I mean, one of the things that I love so much about teaching is the fact that it allows me to use some many of my passions: talking, reading,writing, drawing, etc…But after a few years of teaching, I soon found that I really longed for other outlets for my other interests.
For instance, I like talking to adults, and I long for it sometimes. I enjoy mentoring teachers, passing on what I’ve learned and helping them with their own practice. And, in so doing, I improve my own. For based on my own experience, I’ve noticed how recharged my own batteries get after touching education outside of the classroom in some way. And, as a consequence, I return to my students stronger.

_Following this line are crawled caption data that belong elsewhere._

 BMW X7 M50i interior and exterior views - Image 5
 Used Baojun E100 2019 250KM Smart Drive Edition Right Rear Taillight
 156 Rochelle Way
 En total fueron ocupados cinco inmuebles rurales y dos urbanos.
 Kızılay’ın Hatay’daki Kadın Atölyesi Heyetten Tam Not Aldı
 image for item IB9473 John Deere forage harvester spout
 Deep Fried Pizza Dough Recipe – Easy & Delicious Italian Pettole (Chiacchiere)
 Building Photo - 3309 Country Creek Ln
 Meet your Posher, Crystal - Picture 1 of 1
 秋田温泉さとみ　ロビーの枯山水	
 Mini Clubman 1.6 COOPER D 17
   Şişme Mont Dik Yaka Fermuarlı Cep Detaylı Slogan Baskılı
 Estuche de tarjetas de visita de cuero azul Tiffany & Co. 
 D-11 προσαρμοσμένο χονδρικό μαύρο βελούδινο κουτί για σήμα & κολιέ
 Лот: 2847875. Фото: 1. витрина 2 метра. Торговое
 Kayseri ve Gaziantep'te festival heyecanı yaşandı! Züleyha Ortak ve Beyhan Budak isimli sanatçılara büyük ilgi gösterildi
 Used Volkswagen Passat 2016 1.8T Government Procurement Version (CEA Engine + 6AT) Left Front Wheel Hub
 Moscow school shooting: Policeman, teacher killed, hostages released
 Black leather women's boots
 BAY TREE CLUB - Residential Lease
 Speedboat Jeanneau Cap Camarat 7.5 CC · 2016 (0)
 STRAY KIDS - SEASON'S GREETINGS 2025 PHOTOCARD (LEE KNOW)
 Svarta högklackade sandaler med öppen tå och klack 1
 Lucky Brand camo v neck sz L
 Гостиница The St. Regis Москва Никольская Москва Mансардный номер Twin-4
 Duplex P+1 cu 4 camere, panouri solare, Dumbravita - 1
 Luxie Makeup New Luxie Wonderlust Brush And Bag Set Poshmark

In fact, I beg to differ with the study’s worry that hybrid teaching might lead to burnout. I, for one, see myself as leaving the classroom if I don’t one day find a hybrid role to fulfill me, to keep me stimulated. According to the study, I might fall under their 42% of teachers who want combination roles in education who are “less than very satisfied teachers.” But it’s not that teaching in the classroom isn’t satisfying or fulfilling. It’s just that I’m like my students. Sometimes I need to mix it up to be at my best.
I also have to take issue with this fact that there are “less than very satisfied teachers” and “very satisfied teachers.” What teacher who is reflective, growing in his or her own practice, challenging themselves and their students, working towards bridging that achievement gap and teaching toward the students’ futures is very satisfied right now? In fact, in my experience, the teachers who are totally happy with the way things are are not the ones we should be applauding as success stories. Sure there are the 30-year teachers out there who love teaching with their heart and soul. And I am in awe of them. But even they don’t seem so satisfied these days. So I question the variables used to determine this ambiguous state of mind and the fact that they implicate dissatisfied teachers as somehow wanting out.
In fact, I think that the mere fact that a “less than very satisfied teacher” is still looking for ways to remain in education in a positive way despite their frustrations says a lot about their dedication to the profession. The structure of ed needs to work with us to retain the best in each of us.
There are needs in education that aren’t being filled by those outside of education. We’ve all been to professional development that is empty and meaningless. We’ve all had teachers and trainers, many in our own teacher prep programs, who have distanced themselves from the classroom so much so that their teachings have become antiquated and lite in their message. (You can read about teacher prep program staffing in my Part 2 post on the topic here.)
But there must be an evolution in our profession. The Metlife Survey claims that a percent of teachers are happy with their job. But how long will that last when schools become more and more like prisons for both student and teacher alike? How long will that satisfaction last when we are all expected to be lock-step in our progression through our lessons, our units, and our careers? What will happen if we aren’t proactive and aggressive in styling our profession on the abilities and strengths of those within the profession?
What will happen if we don’t differentiate our professional paths?
If teaching is about the best and the brightest, it must provide an outlet for that which makes a person unique in their abilities. After all, only the best and the brightest can help produce the same.